Finding the correct section of an enormous, spectacularly contoured green wrapped around the left greenside bunker at the 150-yard 11th is essential. Club selection is also key at the 324-yard 12th, where long hitters can drive down the slope and leave a short pitch, though those who venture off-line face a devilishly tricky shot to a tiny target guarded by a trio of bunkers.
A great tee shot is required at the par five 13th to find the fairway plateau and stay out of the bunkers right, both of which are cut well below the fairway. Three more bunkers guard the route to the green, though there is plenty of room between them. The green is vast, with three more traps waiting to catch out aggressive players.

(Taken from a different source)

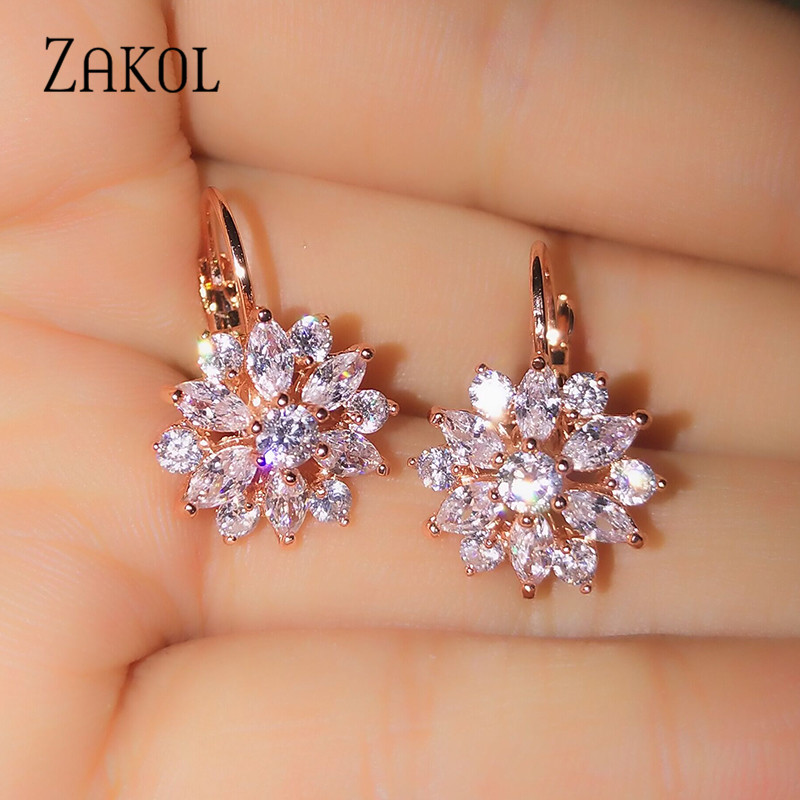 ZAKOL Fashion Rose Gold Color Flower Hoop Earrings dla kobiet CZ Crystal Zircon Earring Brincos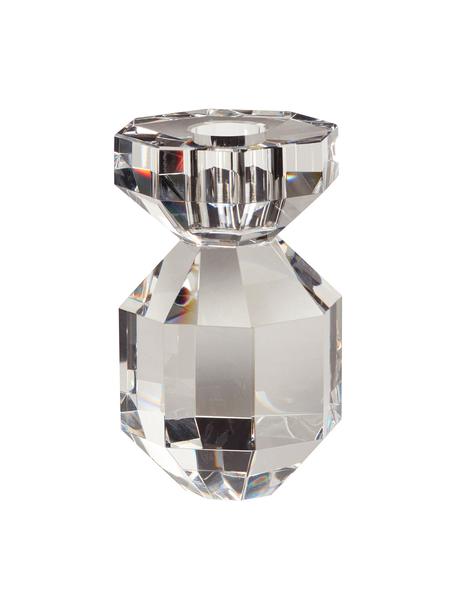 Handgefertigter Kristall-Kerzenhalter Gem, Kristallglas, Transparent, Ø 7 x H 11 cm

Play accurately at the 377-yard 14th, where a steep slope and trees wait to catch out those who play too far right. There are no bunkers at this thin, back-to-front sloping green with steep banks on its flanks.
Birdies are possible at the short par four 15th – when the hole is played wisely. A long tee shot between the trees will leave a short pitch beyond a single, deep bunker. Anything left or right here is in serious trouble.
Turning back for home, the 511-yard 16th is flanked on its right side by the sixth hole of Alnmouth Village. Stay sightly left, without going into the trees or two fairway bunkers, to leave a simple lay up and wedge shot to this well-guarded green which has two front bunkers.
The longest and most difficult of the par threes, the green at the 214-yard 17th is set beyond a short, steep rise and has five bunkers around its front edge.
The 372-yard 18th rewards sensible play with a generous target short of the three fairway bunkers. From here, the green – within touching distance of the clubhouse – features three bunkers right and two left.
After taking on the course, it’s time for dinner, a few drinks, a good night’s sleep, and the chance to do it all again in the morning. If only we could stay longer…
An unrivalled experience on and off the golf course, a stay in the dormy house and at least two rounds at Alnmouth should be on every golfer’s bucket list.